Paladins- lol nope. Honor and virtue fell by the wayside a long time ago on Athas, but what else would you expect from a planet this Darwinian?- Templars - Replace Paladins thematically, but more on the police side of things to the point they are essentially the Sorcerer-Kings's Gestapo. Ability-wise, they're more like Clerics with slower spell-progression but more spellslots and the ability to use any weapon. Worship the Sorcerer King who rules their city.
- Psionicists - Psionicists are considered accepted and normal in this setting. In fact, every PC is guaranteed to have at least one psionic power! OMGWTF! (Well, this sounds nice, until you realize pretty much everyone does, especially monsters.) Think Jedis, kind of. Wanna move shit with your mind without casting a spell like some bitch ass looking wizard? Check. Mindrape? Check. Fucking Time Travel? Double Check. Unfortunately suffered from the fact that psionics in 2e were a horrible mess, and with a few notable exceptions, most of your powers are either incredibly niche or use clunky subsystems.
- Rangers - Same old shit. Think Aragorn in the desert.
- Rogues - Pretty similar to the non-Athasian kind. Attracted a Patron at level 10, aka you work for me now bitch.
- Wizards - Two types exist in the setting, but everyone hates them both:
- Defiler - Evil mages, who suck out the life force of things. When they level up enough, they usually have an allergic reaction called dragon metamorphosis.
- Preserver - Mages who are not manly enough to steal huge amounts of life force, so they sacrifice efficiency to keep the stuff around them alive. Unfortunately for them, the commoners think all wizards are the same "technically true btw". Fortunately for them, most of their shit can be passed off as psionics. When they grow up enough to be considered bad ass they turn into the manta ray like aliens from Abyss.
- Cerulean Mages were added after the Prism Pentad novels caused the whole series to be rewritten, and are basically neutral mages who try to use the giant raging storm elemental now stranded on Athas as a battery.
- Necromancers were retconned into the setting as wizards who draw power from the realm of the dead, which slowly turns them into undead beings. Ironically, they're actually neutral aligned, and technically even potentially good aligned because their powers don't require them to hurt the planet and undeath isn't hungering for life any worse than magic itself does.

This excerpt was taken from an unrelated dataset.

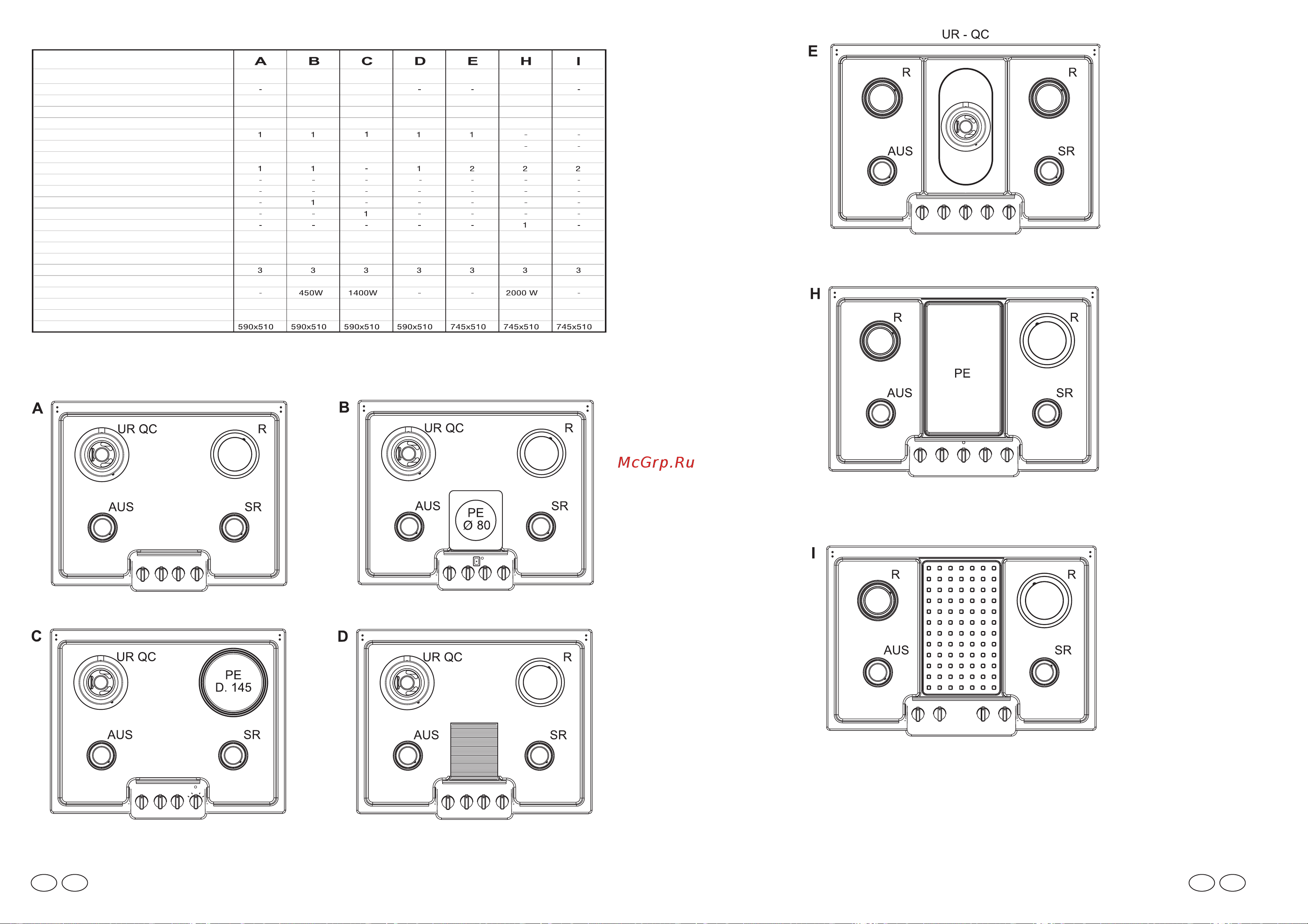 Candy PM 741/1 SVXX EU [20/33] This appliance has been designed for non professional i e domestic use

- Shadow Mages are like Necromancers, but they draw from the Plane of Shadow instead of the Gray.
Sorcerer-Kings[edit]
The Sorcerer-Kings were the jerks chosen by Rajaat with the deepest reservoirs of hatred (read:racists) for everything. Except halflings. Or was it humans. SPOILER! These were usually the big bad dudes that Dark Sun campaigns revolved around killing. Unfortunately, author Troy Denning killed off most of them in the series The Prism Pentad, thus giving the campaign setting nothing left to live for. TSR brought out a small post-novel supplement entitled "Beyond the Prism Pentad", which also included references to a product called "Dark Sun: A New Age" that was never released, to try and save what little scraps of the setting was left after Denning's royal buttfuck of it all. It didn't work. As a result, TSR brought it out back and shot it while you cried in your mother's arms. When it came back for a 4E splat, this killing spree was effectively retconned under the same anti-continuity clause that Eberron held to.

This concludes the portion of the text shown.